2_MERGE_MODIS_tiles.R
In this code, we load and merge the three different stacks to produce large and consistent time series of NDVI imagery across the study area. We further use the package gtools to load the files in (1, 2, 3, 4, 5, 6, etc.). Here, we have three stacks from which we merge the first two (stack 1, stack 2) and store them. We then merge this stack with stack 3. We produce single files named NDVI_final_*consecutivenumber*.tif. Before saving the final output of single merged files, create a folder called “merged” and set the working directory to this folder, e.g., setwd("your directory_MODIS/merged").
3_CROP_MODIS_merged_tiles.R
Now we want to crop the derived MODIS tiles to our study area. We are using a mask, which is provided as .shp file in the repository, named "MERGED_LEVANT.shp". We load the merged .tif files and crop the stack with the vector. Saving to individual files, we name them “NDVI_merged_clip_*consecutivenumber*.tif. We now produced single cropped NDVI time series data from MODIS.

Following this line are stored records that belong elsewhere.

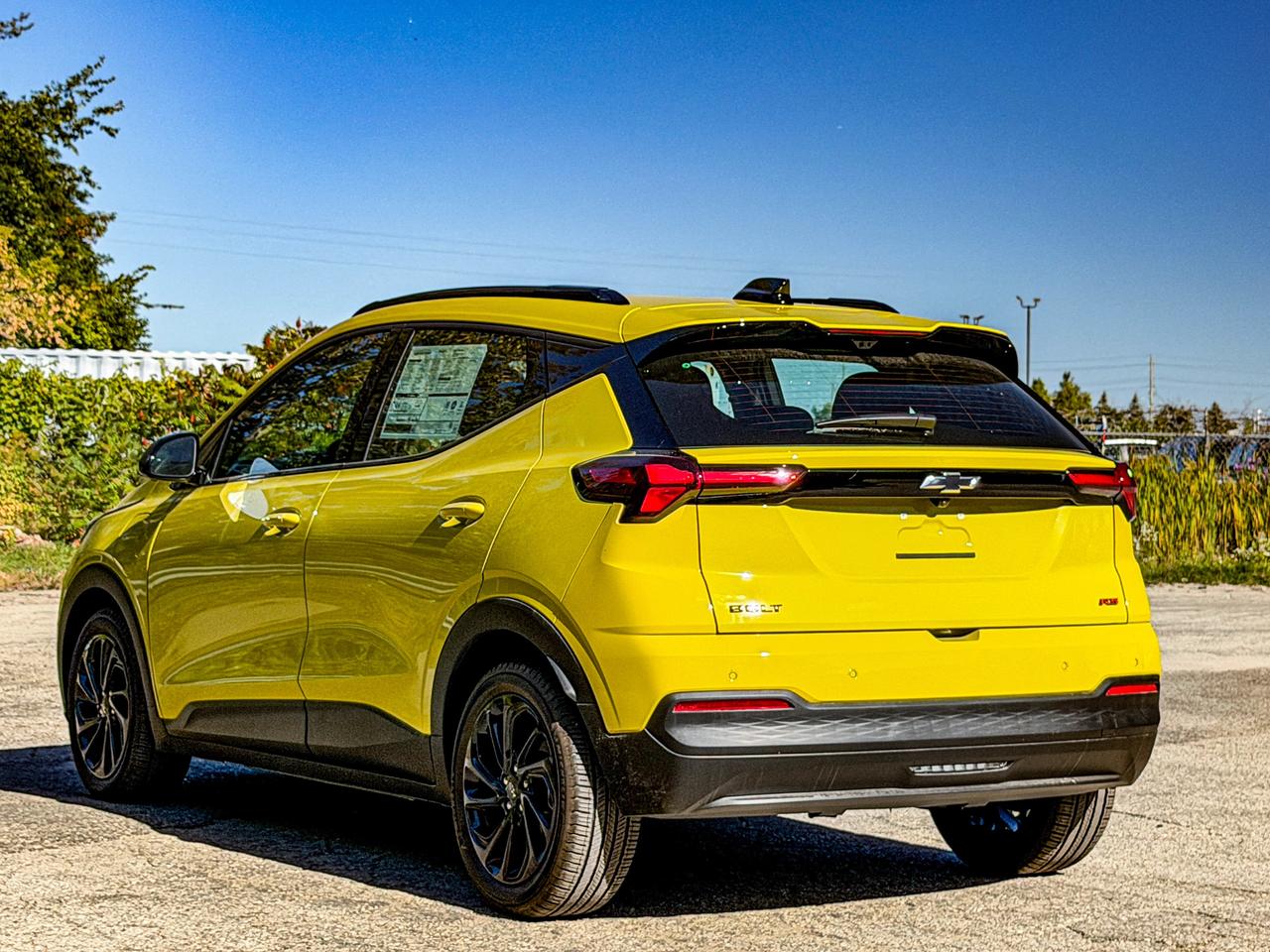 2027 Chevrolet Bolt RS Photo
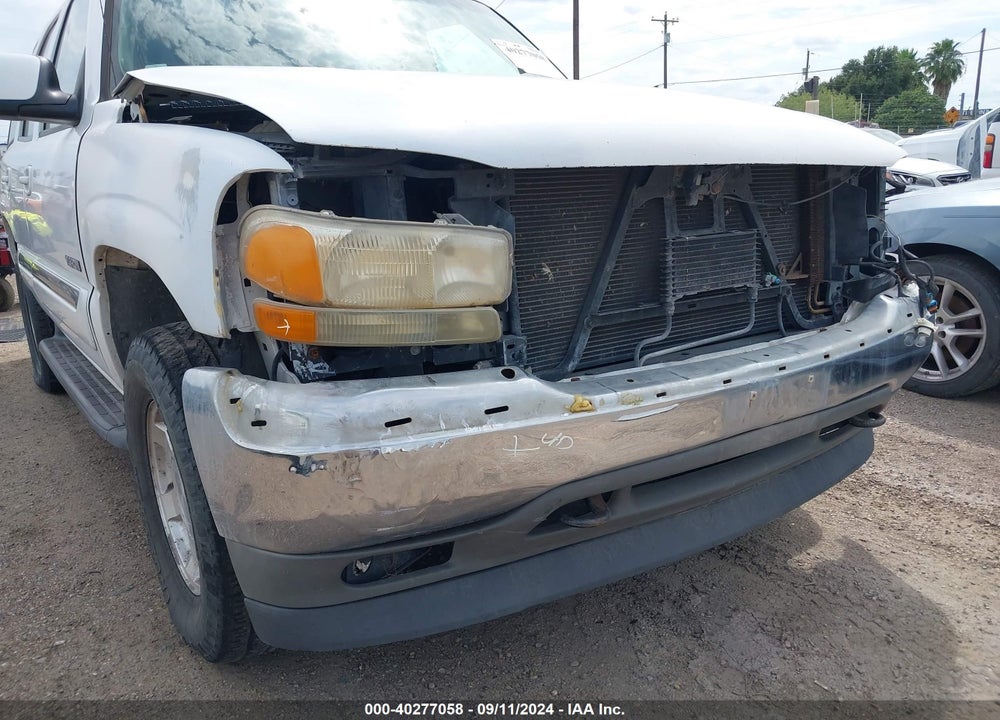 2005 GMC YUKON SLT VIN: 1GKEC13T65R183467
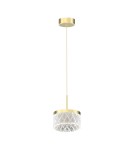 Milagro Lampa wisząca ELEGANCE 9W LED ML0995 Milagro Lampa wisząca ELEGANCE 9W LED ML0995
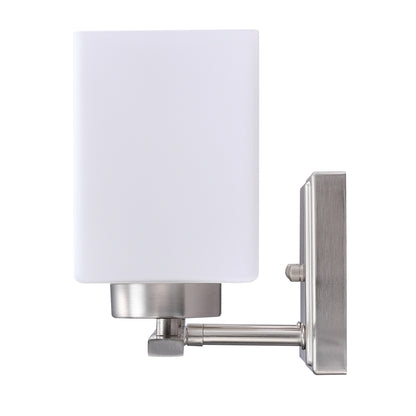 ASD Lighting 3-light Vanity Light 3xE26 60W 120V Satin Nickel ETL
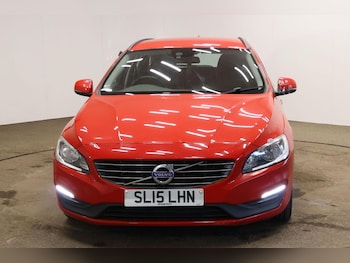 Used Volvo V60 2015 for sale - 78231146: Photo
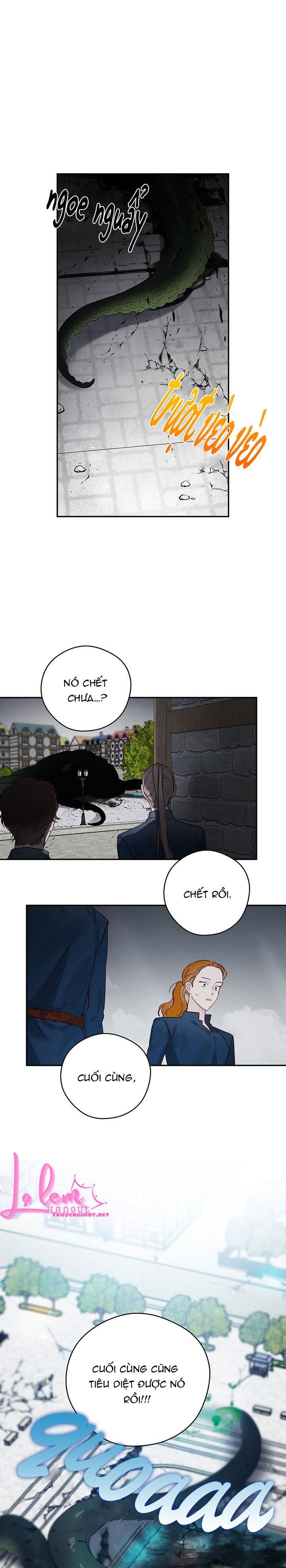 Tôi Phải Giấu Em Trai Trước Đã Chapter 33.2 - Trang 2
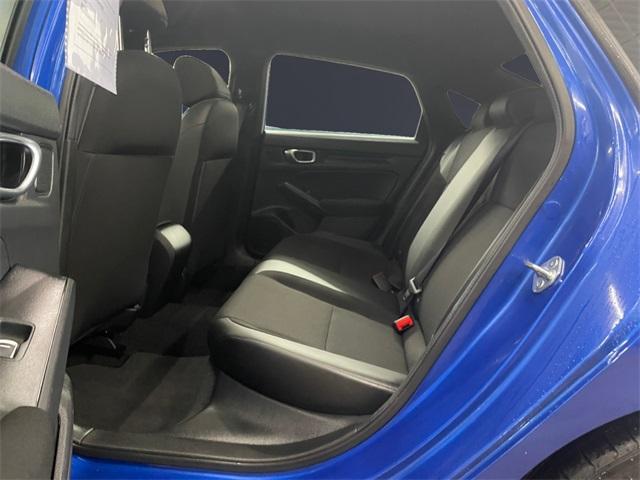 used 2023 Honda Civic car, priced at $27,222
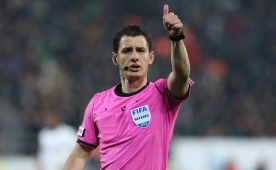 Türkiye Kupası'nda hakemler belli oldu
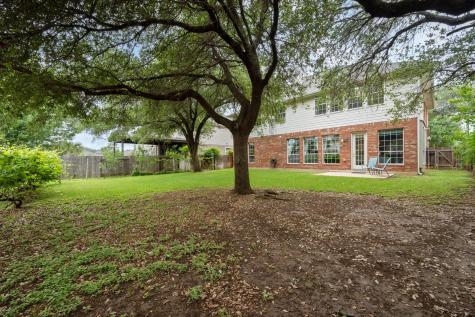 2725 Cedar Springs Place Round Rock TX 78681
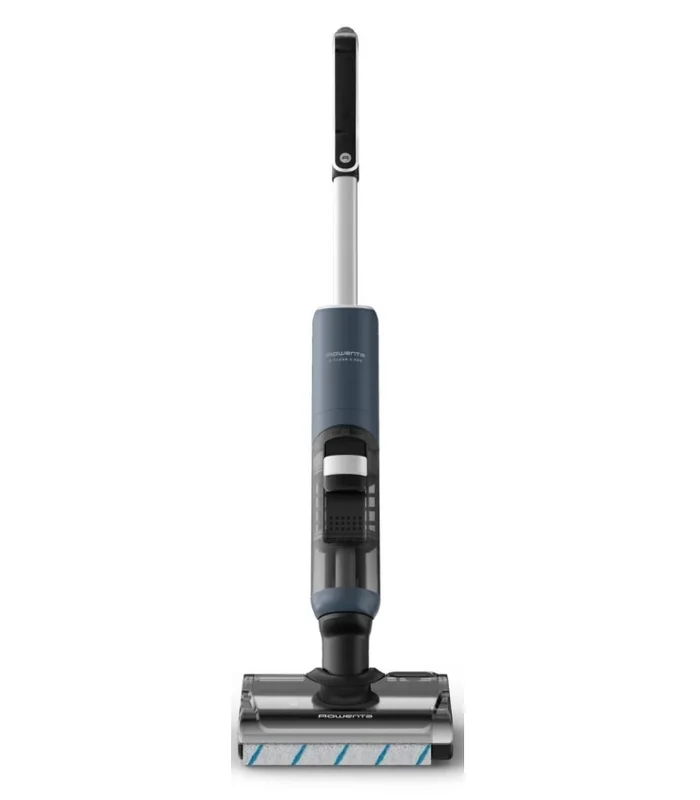 Прахосмукачка Rowenta GZ5436E0 X-Clean 5 Pro, 21.6V, 200W, сухо и мокро почистване, черен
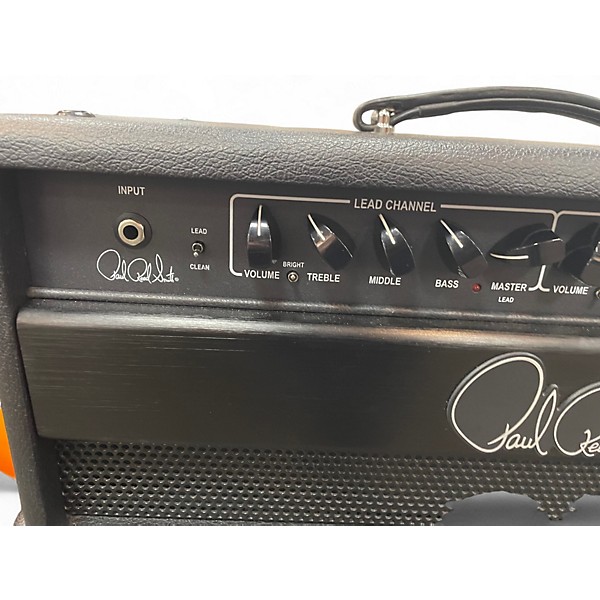 Used PRS Archon 50 50W Tube Guitar Amp Head
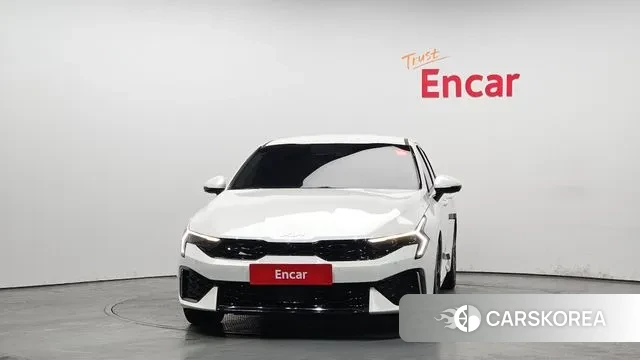 Kia The New K5 3rd generation id 3689852 из Кореи 13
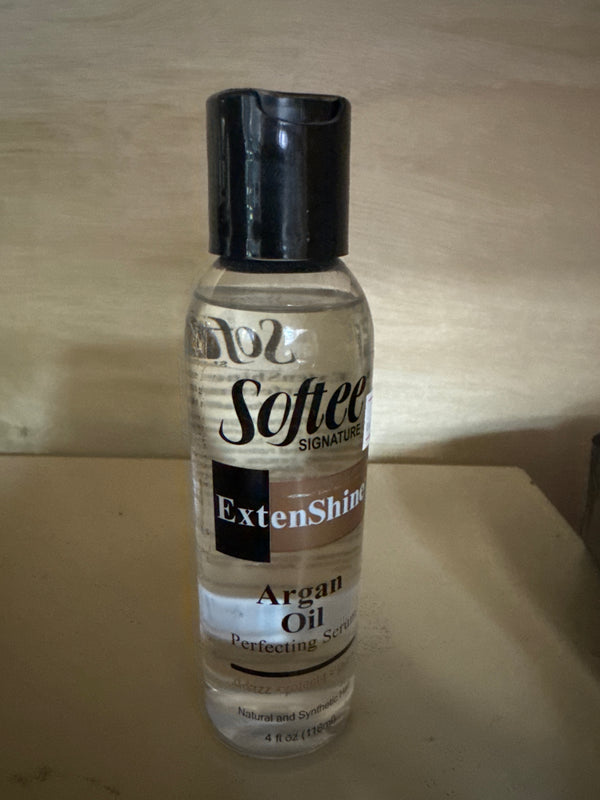 Softee Signature ExtenShine Argan Oil Perfecting Serum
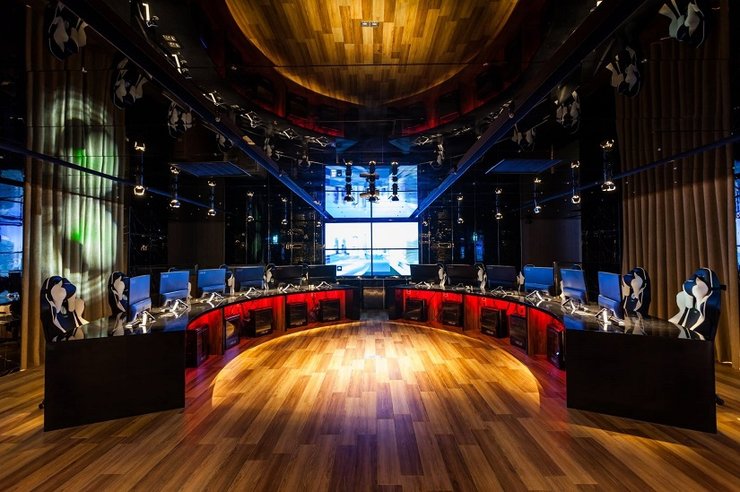 Esports Hotel 44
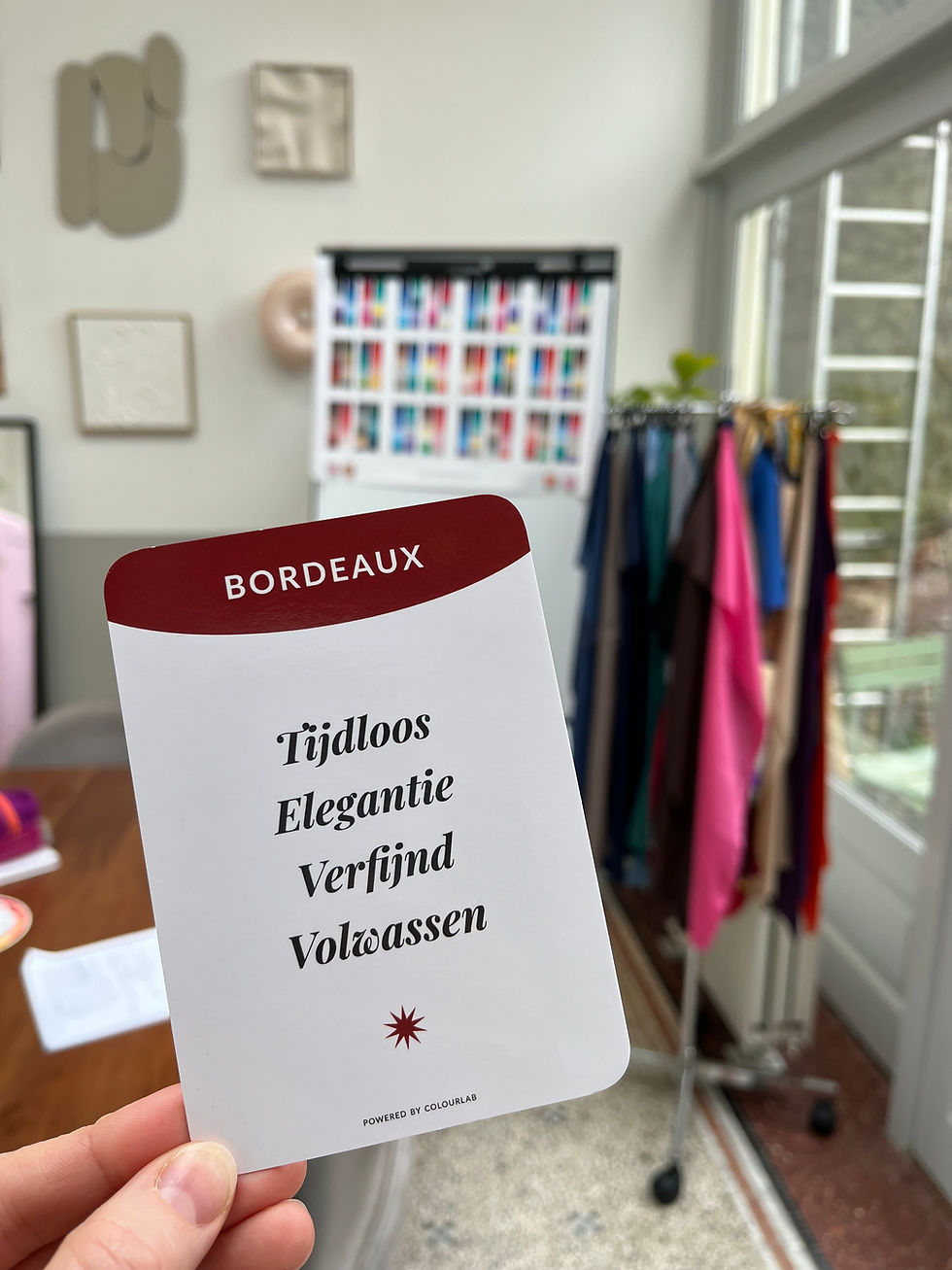betekenis van kleur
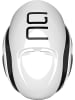 ABUS Fahrradhelm GameChanger in polar white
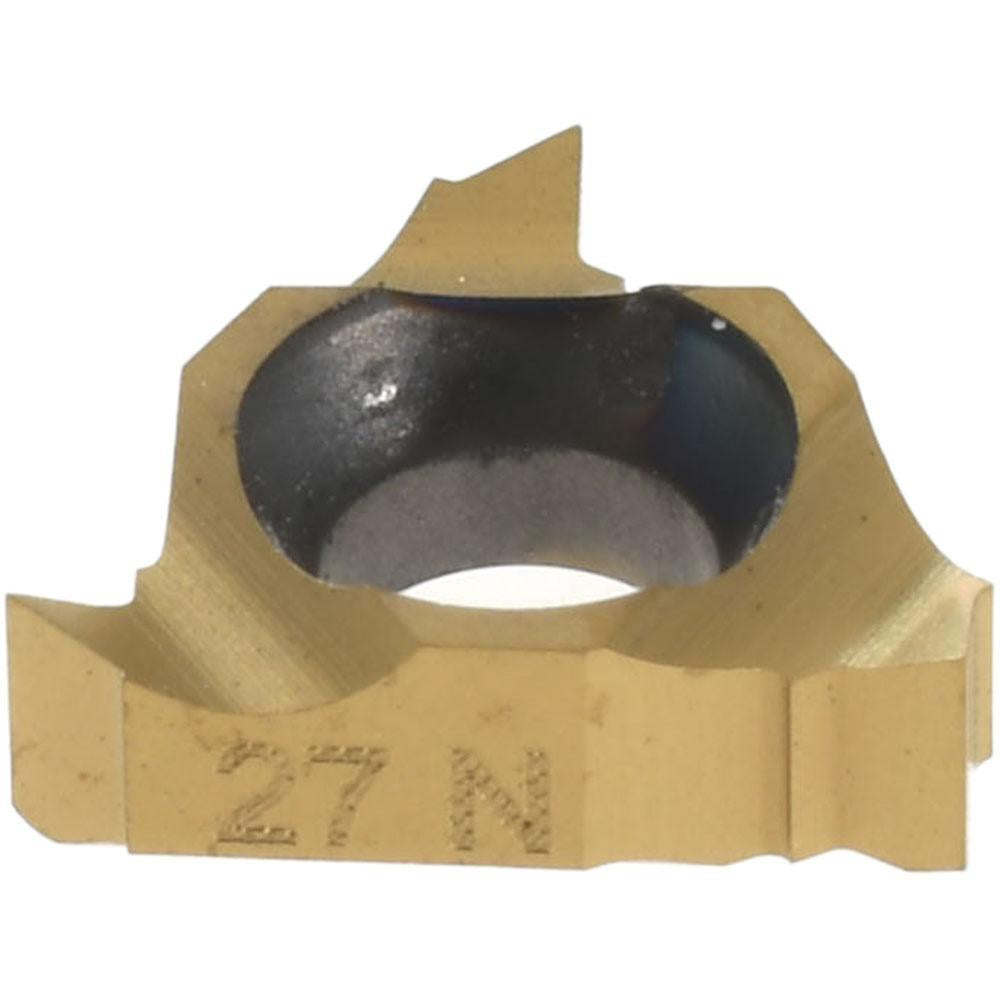 CARMEX Carmex 06IL27NPTBXC Threading Insert 27 Tpi Npt Carbide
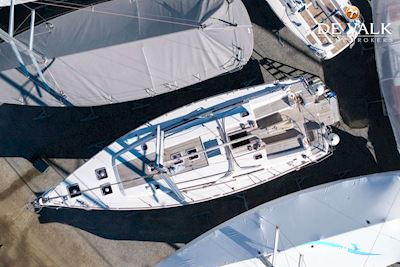 Dufour 445 Grand Large Sejlbåd 2011, med Volvo Penta motor, Sverige
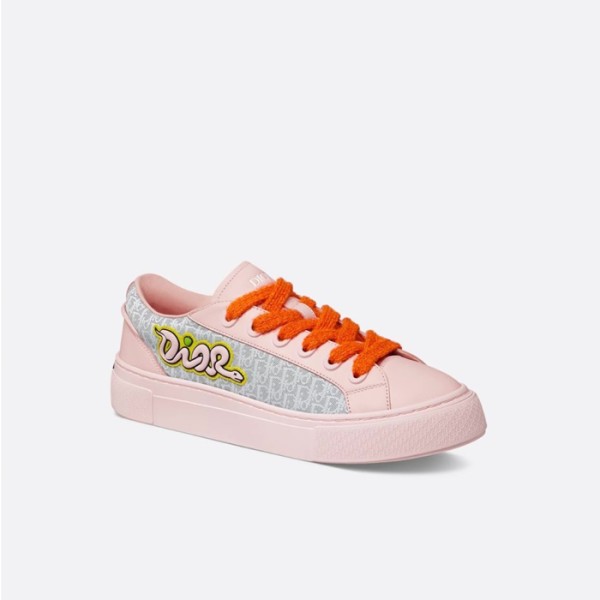 ✨디올 남성 오블리크 스니커즈 - Dior Mens Oblique Sneaker - dis2996x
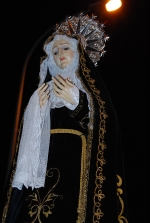 Vila-real saca la Semana Santa a la calle 2 Parte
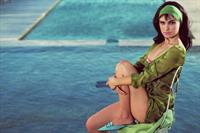 Natalie Portman in a bikini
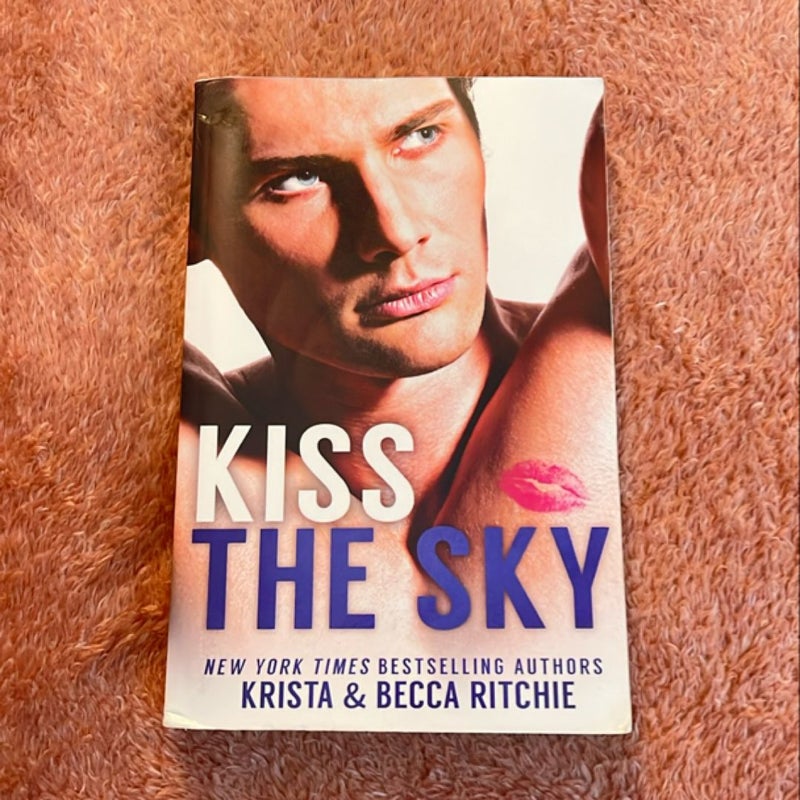 Kiss the Sky (Out of print edition)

The repository provides the already clipped and merged NDVI datasets.
4_TREND_analysis_NDVI.R
Now, we want to perform trend analysis from the derived data. The data we load is tricky as it contains 16-days return period across a year for the period of 22 years. Growing season sums contain MAM (March-May), JJA (June-August), and SON (September-November). December is represented as a single file, which means that the period DJF (December-February) is represented by 5 images instead of 6. For the last DJF period (December 2022), the data from January and February 2023 can be added. The code selects the respective images from the stack, depending on which period is under consideration. From these stacks, individual annually resolved growing season sums are generated and the slope is calculated. We can then extract the p-values of the trend and characterize all values with high confidence level (0.05). Using the ggplot2 package and the melt function from reshape2 package, we can create a plot of the reclassified NDVI trends together with a local smoother (LOESS) of value 0.3.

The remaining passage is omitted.